Description of the task:
Your copy should begin at the line containing "PSG xác nhận Neymar nghỉ hết mùa giải" and end at the last line of the records; transcribe those lines exactly and leave out every picture.

Data section section start

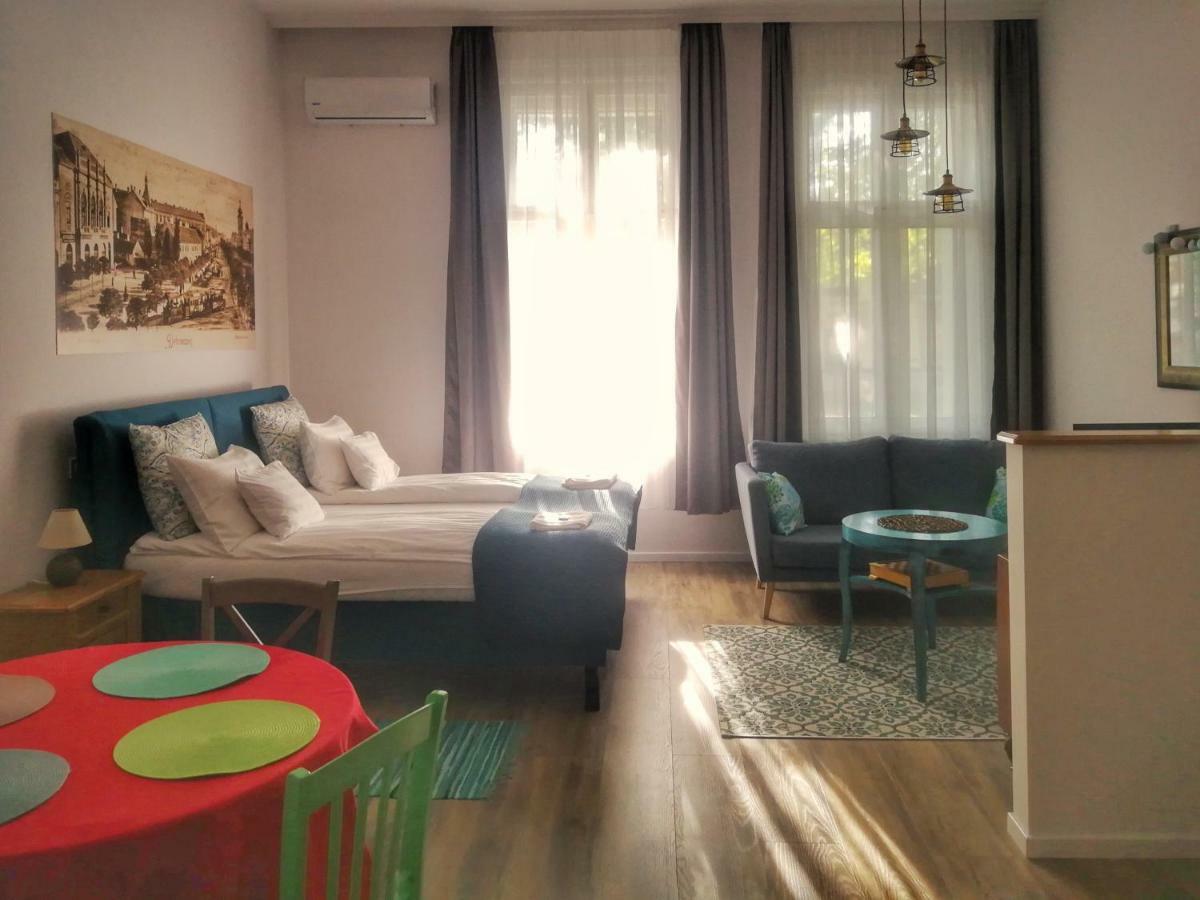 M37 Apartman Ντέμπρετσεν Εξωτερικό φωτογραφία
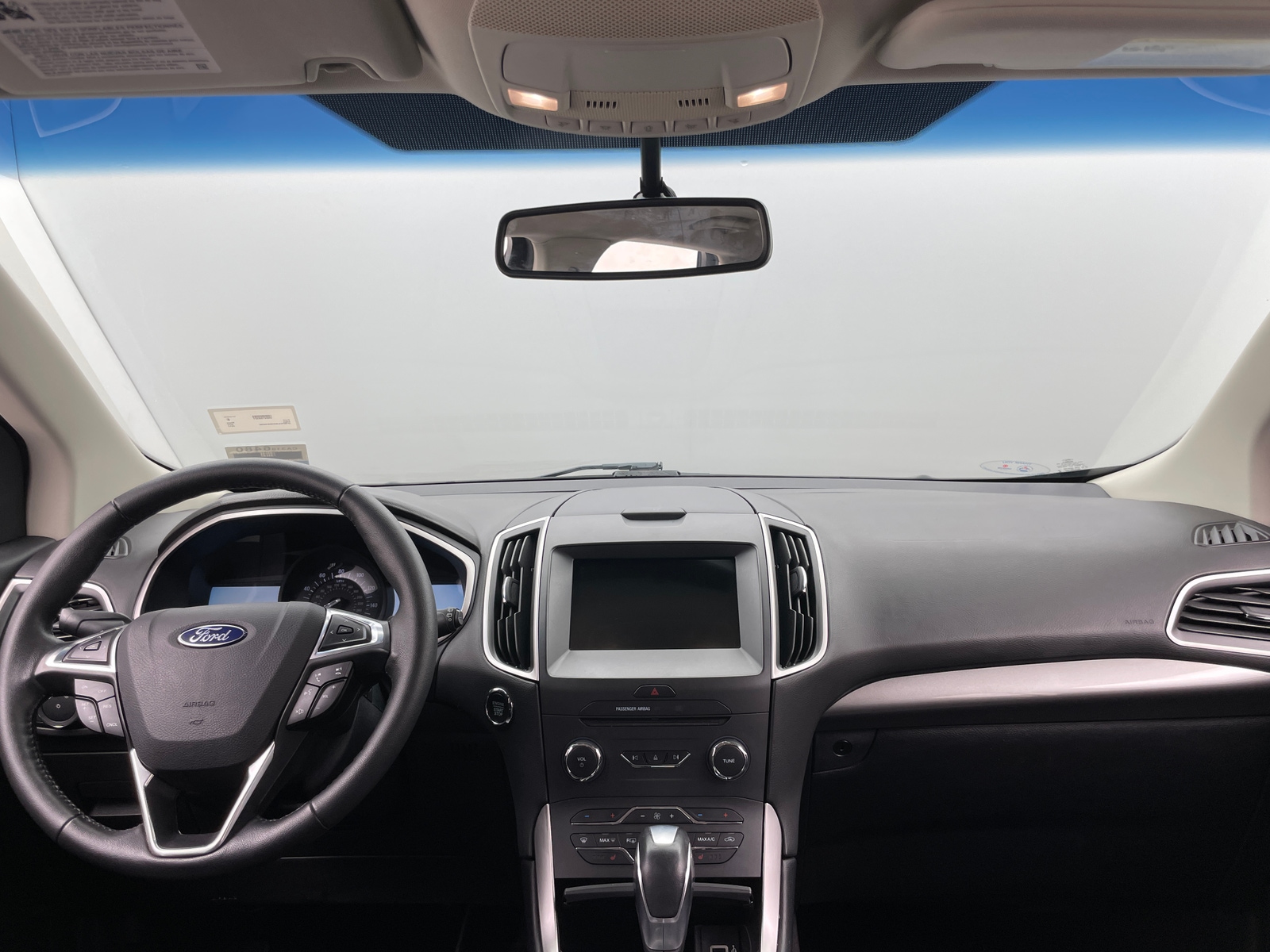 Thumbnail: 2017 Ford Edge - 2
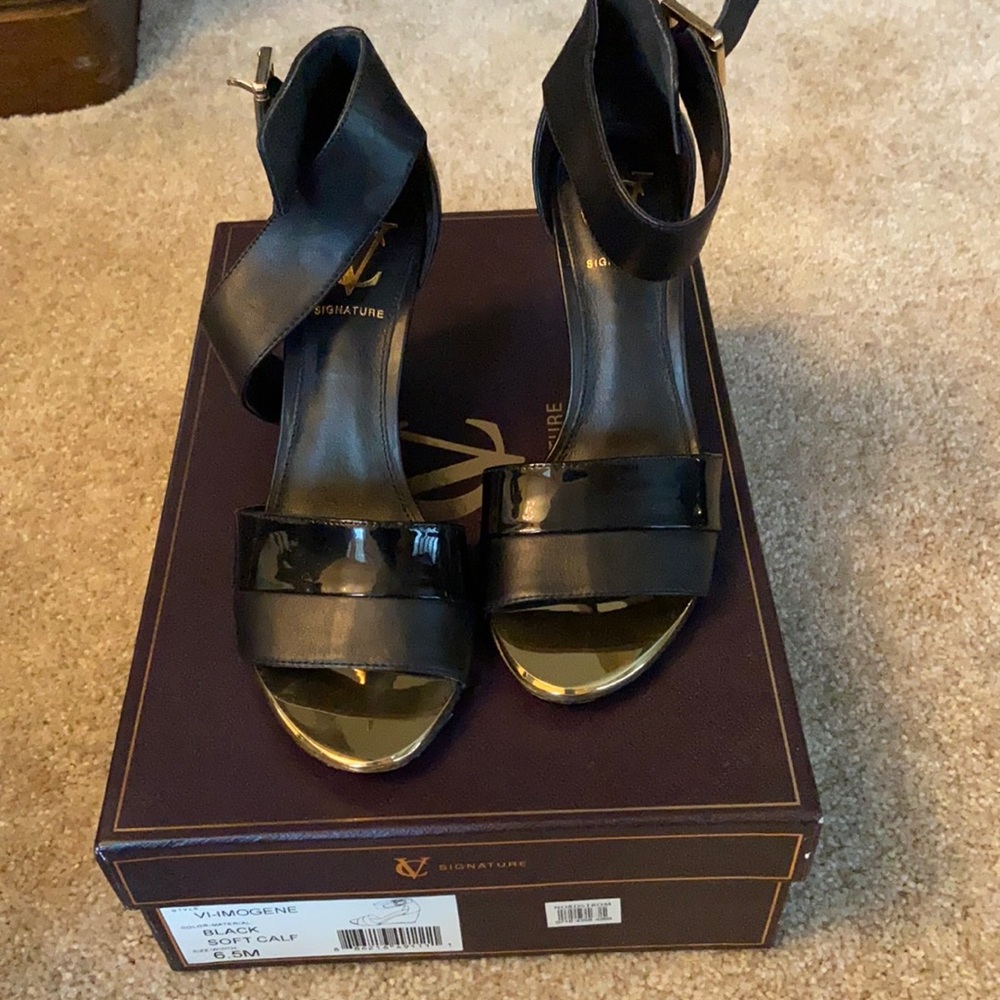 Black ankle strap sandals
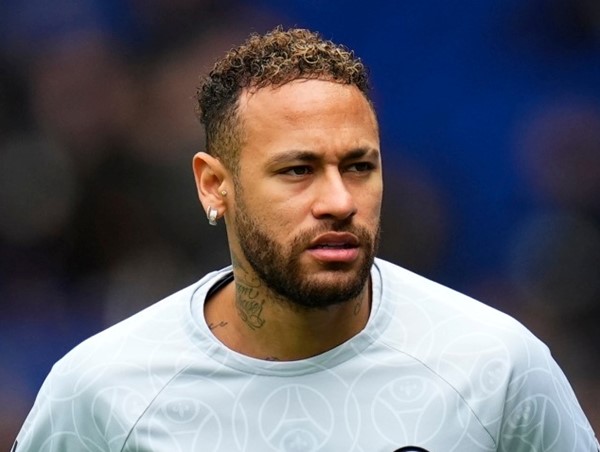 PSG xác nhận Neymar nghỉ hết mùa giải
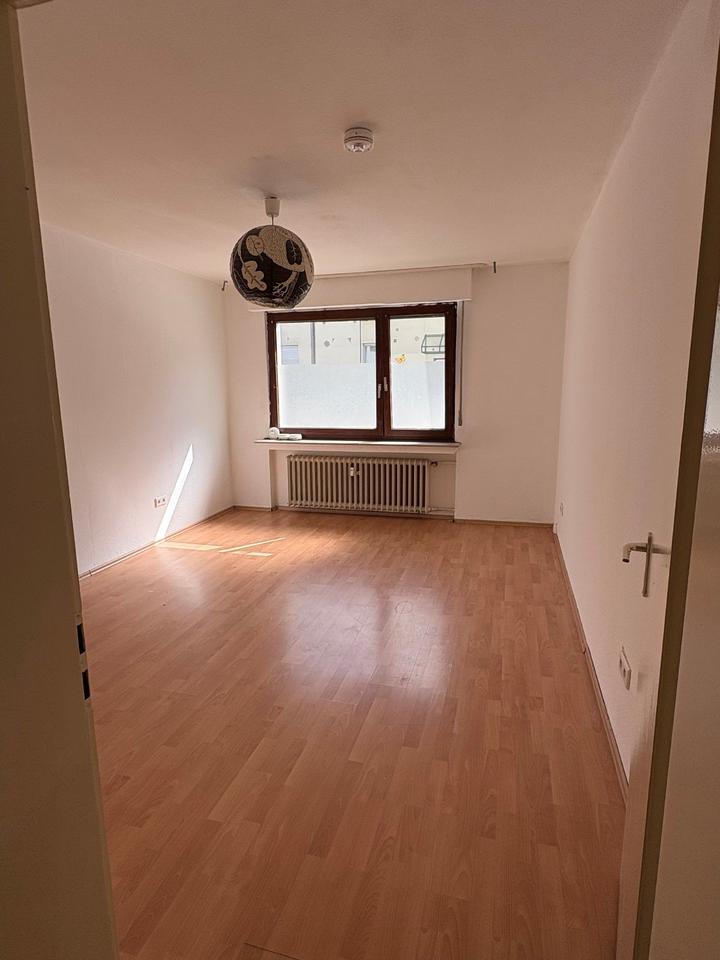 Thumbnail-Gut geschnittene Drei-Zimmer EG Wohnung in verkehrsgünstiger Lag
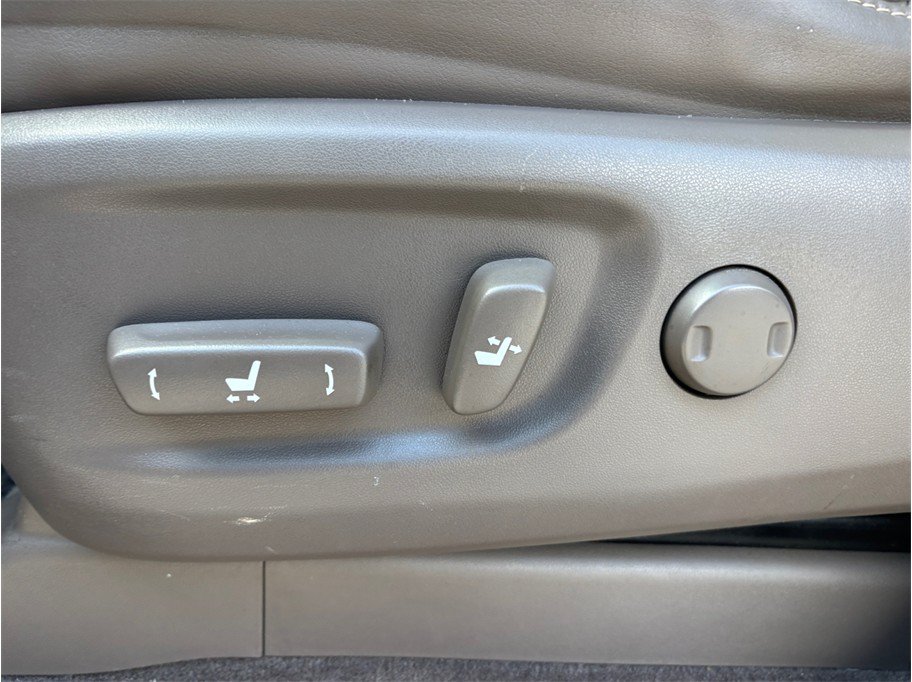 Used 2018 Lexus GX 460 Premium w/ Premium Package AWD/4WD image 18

Data section section end

Written reply:
 PSG xác nhận Neymar nghỉ hết mùa giải
 Thumbnail-Gut geschnittene Drei-Zimmer EG Wohnung in verkehrsgünstiger Lag
 Used 2018 Lexus GX 460 Premium w/ Premium Package AWD/4WD image 18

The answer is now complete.